Published by WarSignal Editorial · Last updated

Why the West still misunderstands the Russia-China relationship Russia and China are moving, slowly but unmistakably, toward a structural alliance that is reshaping the global balance of power. But the two sides are progressing through this transformation at different speeds. Moscow has largely accepted the logic of deep strategic interdependence. Beijing, by contrast, still behaves as though it can preserve a carefully managed partnership in which China remains the senior partner while minimizing its own obligations. That model is reaching its limits. For years, the dominant narrative in Western policy circles has been that Russia has become the junior partner in an unequal relationship. Brussels think tanks, Washington analysts and even many Chinese commentators have repeated the same formula: Russia supplies raw materials and China supplies everything else. Berlin-based MERICS has described the relationship as “fundamentally unbalanced” and Intereconomics called it “symbiotic but deeply asymmetrical.” Other researchers have portrayed the Russia-China-US triangle as one in which Washington still holds the decisive advantage. Yet this interpretation misses something important.

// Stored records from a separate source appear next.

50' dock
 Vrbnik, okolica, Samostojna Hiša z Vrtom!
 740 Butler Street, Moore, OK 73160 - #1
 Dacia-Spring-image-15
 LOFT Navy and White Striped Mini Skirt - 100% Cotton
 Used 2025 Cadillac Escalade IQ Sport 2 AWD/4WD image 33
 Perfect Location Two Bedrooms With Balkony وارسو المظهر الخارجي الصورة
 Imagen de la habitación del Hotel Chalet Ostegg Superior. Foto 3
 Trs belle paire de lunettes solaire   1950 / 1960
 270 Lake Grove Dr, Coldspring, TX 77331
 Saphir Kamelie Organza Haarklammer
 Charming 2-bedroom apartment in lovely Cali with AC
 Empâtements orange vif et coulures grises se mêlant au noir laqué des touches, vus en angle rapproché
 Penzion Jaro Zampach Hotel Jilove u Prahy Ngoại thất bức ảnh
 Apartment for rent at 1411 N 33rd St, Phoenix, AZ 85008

Even while Western analysts obsessively measured asymmetry, many Chinese scholars privately acknowledged that the relationship was being driven less by hierarchy than by geopolitical pressure. Professor Feng Shaolei of East China Normal University has argued that external circumstances, rather than relative status, have always been the true engine of the partnership. NATO expansion pushed Moscow and Beijing closer together while US tariffs accelerated the process further. Sanctions pressure on Russia gave China discounted resources and gave Russia guaranteed markets as each side increasingly possessed what the other lacked. Read more The EU’s sanctions fever: From Russia to China, a crisis expands The numbers tell the story clearly enough. By the end of 2024, Russia had become China’s largest oil supplier, delivering 108.5 million tonnes.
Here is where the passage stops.